- _STORED DATA_:
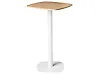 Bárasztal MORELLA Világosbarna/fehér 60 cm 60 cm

--

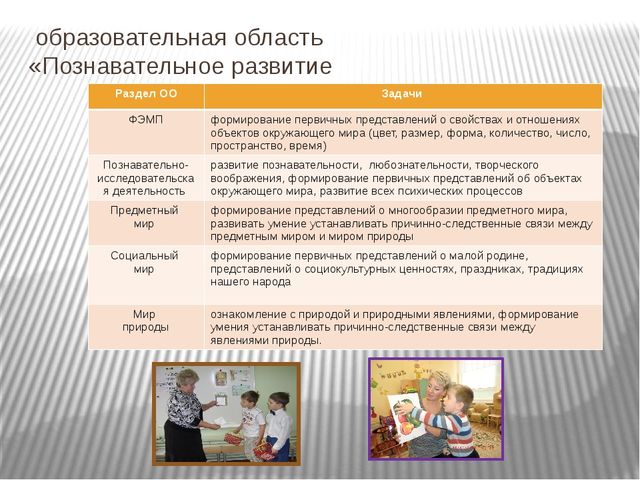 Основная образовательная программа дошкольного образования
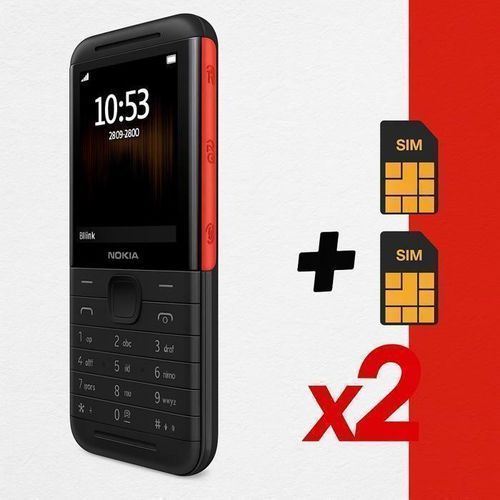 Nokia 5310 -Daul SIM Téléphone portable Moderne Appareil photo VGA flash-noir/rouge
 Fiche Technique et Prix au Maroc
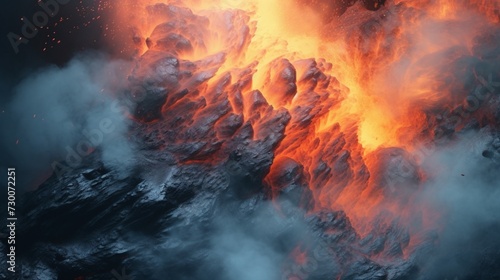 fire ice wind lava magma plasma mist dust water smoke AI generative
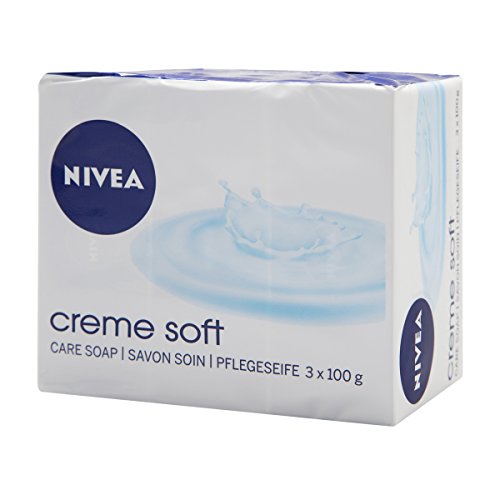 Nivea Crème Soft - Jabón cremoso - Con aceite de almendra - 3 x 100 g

...

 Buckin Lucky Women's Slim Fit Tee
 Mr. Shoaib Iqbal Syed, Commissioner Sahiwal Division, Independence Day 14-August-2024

- _WHAT YOU NEED TO DO_: With the line that has "Buckin Lucky Women's Slim Fit Tee" as the first and the line that has "Mr. Shoaib Iqbal" as the last, repeat exactly that run of lines above and no more.

- _SOLUTION_:
 Buckin Lucky Women's Slim Fit Tee
 Mr. Shoaib Iqbal Syed, Commissioner Sahiwal Division, Independence Day 14-August-2024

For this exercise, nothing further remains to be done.